Every so often my female Cockatiel Pepper runs back and forth at the bottom of her cage, squawking loudly at the same time. Is she stressed? Is she trying to tell me something (like I want out?)


----------



## CaliTiels (Oct 18, 2012)

I think she just wants out  Jaid does this too


----------



## TamaMoo (Jan 12, 2014)

My mom's little guy, Mo, runs back and forth at the bottom of his cage quite often, but instead of squawking, he is saying "Get your groove on!", over and over.

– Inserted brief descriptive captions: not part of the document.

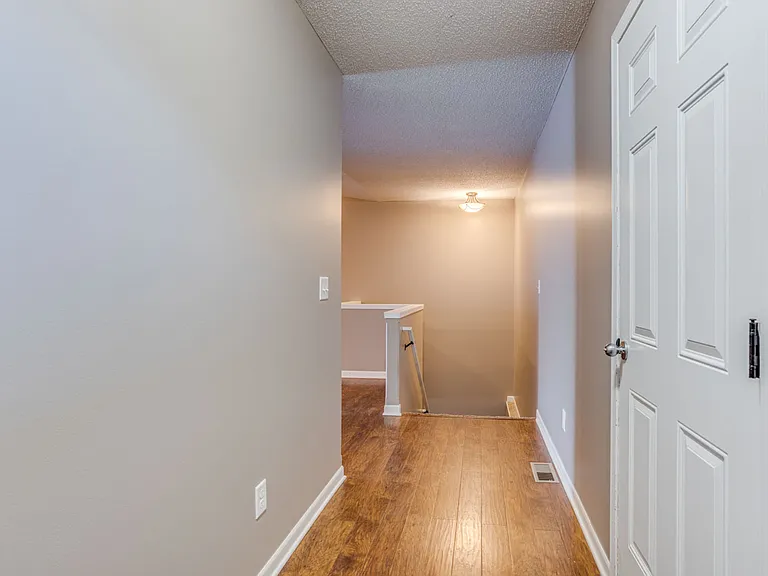 1054 E Karla Ct — Photo 3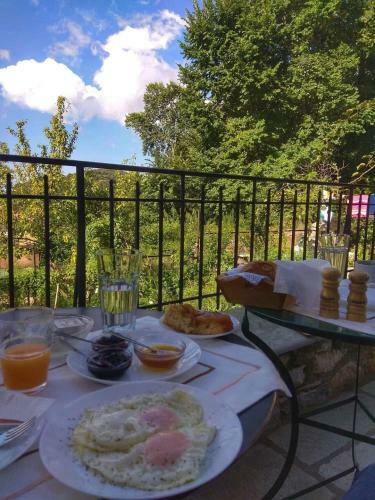 Hostal Sabouko Guest House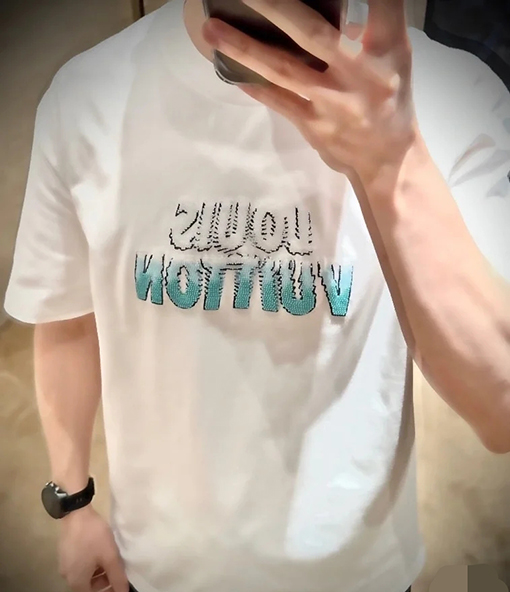 ヴィトン 半袖Tシャツ コピー Louis Vuitton ビーズグラデーションロゴの半袖Tシャツ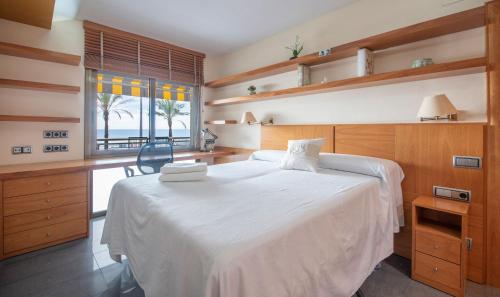 R114 Apartment Ca La Laura — 4-Star Luxury Hotel in Calafell, Spain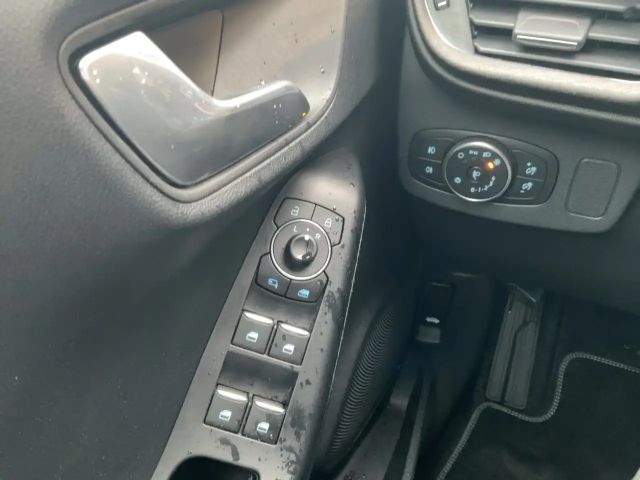 Ford Puma EcoBoost Titanium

I would say that when he was dancing, and he picked up on it rather quickly. 

I always took it to be him dancing, and so does mom. Maybe he is wanting out then?


----------



## Formlesslight (Dec 16, 2013)

My birds pace at the bottom of the cage when they really want out. The pacing speed picks up and the chirps get more urgent when they see me getting a treat out for them and I hadn't opened the cage doors yet.


----------



## ~Drini~ (Nov 16, 2013)

Mine occasionally do this too, but they do it while staring at something that isn't really there. It's kinda odd, because they look really interested in some thing that I cannot see!

But normally it should mean that they want out.


----------



## nassrah (Feb 27, 2012)

When they do that,it means Mommy, I am bored,cant you see !!! I want out!!!NOW!!!!
X x


----------



## eduardo (Jan 27, 2012)

Yes, mine do that too, lol. When they want out.


----------